Closed MLDeS closed 3 days ago
Hi, thanks for your interest. The approach that you mentioned is not straightforward because of an input mismatch: diffusion models work with noisy inputs, whereas most self-supervised learning encoders are trained on clean images. This issue is even more pronounced in latent diffusion models that we used in our experiments, which take a compressed latent image from a pretrained VAE encoder as input. Additionally, these off-the-shelf vision encoders are not designed for tasks like reconstruction or generation.
Thanks, a follow-up, do you use the same clean features from Dinov2 for every hidden layer of the DiT for alignment?
We align a single hidden state (like a hidden state after layer 8) of the diffusion transformer with dinov2.
And what you say in the paper is that you tried different single layers to perform the alignment, and this alignment is with the final encoder features of Dinov2, is that correct?
Yes.
Hi All,
Thanks for such an interesting work!
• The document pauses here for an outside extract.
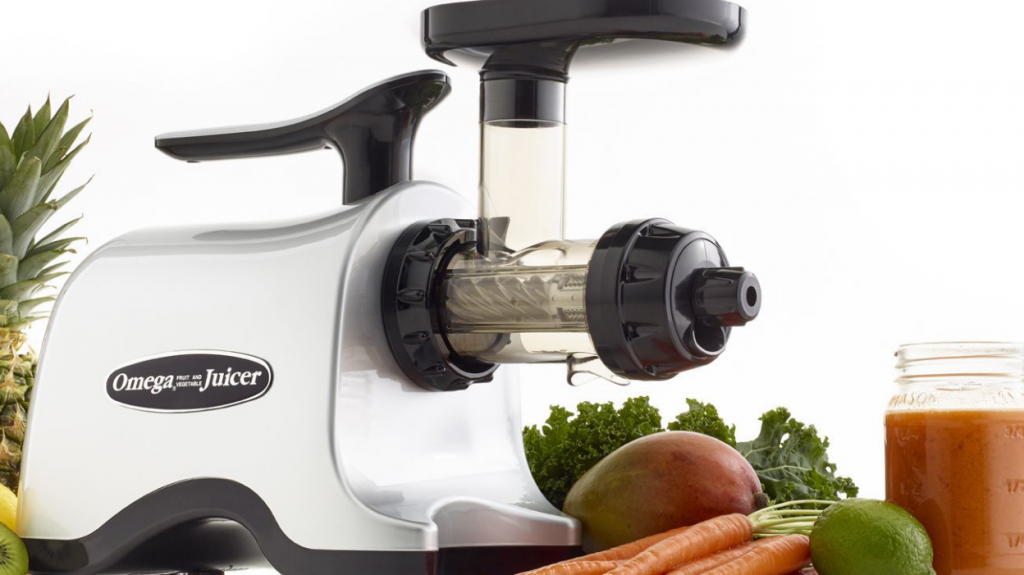 Looking to Buy an Omega Juicer? Here Are Some Things You Should Look For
I would like to understand the reasoning behind using an external model's features as target for representation alignment. Isn't it that in this process, we are trying to make the current model's representations similar to the external benchmark model, by distilling the external model's representations into the diffusion model?
If this is so, why not directly use the external model as the backbone for the intended tasks?
Also, is that the same encoder features are used for target at all hidden stages?
Thanks!